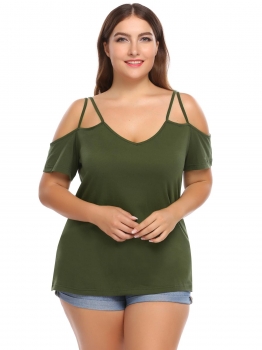 Army green Plus Size V-Neck Cold Shoulder Short Sleeve Solid Slim Fit Tops, Multicolor
Army green Plus Size V-Neck Cold Shoulder Short Sleeve Solid Slim Fit Tops, Multicolor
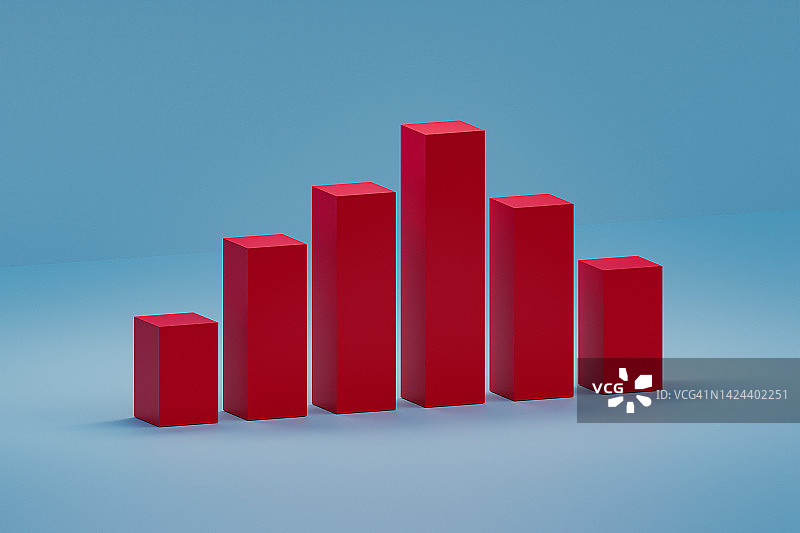 灰色背景上的3D条形图，红色柱图片素材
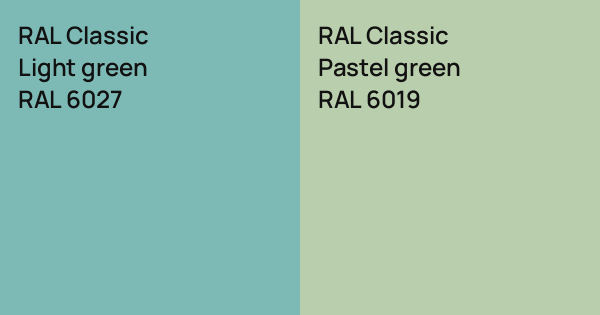 Light Green Ral Code RAL Classic Light green vs. RAL Classic Pastel green comparison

● **ASSIGNED TASK**
Would you set down the material exactly as it stands, without the pictures?

● **TASK ANSWER**
 Army green Plus Size V-Neck Cold Shoulder Short Sleeve Solid Slim Fit Tops, Multicolor
Army green Plus Size V-Neck Cold Shoulder Short Sleeve Solid Slim Fit Tops, Multicolor
 灰色背景上的3D条形图，红色柱图片素材
 Light Green Ral Code RAL Classic Light green vs. RAL Classic Pastel green comparison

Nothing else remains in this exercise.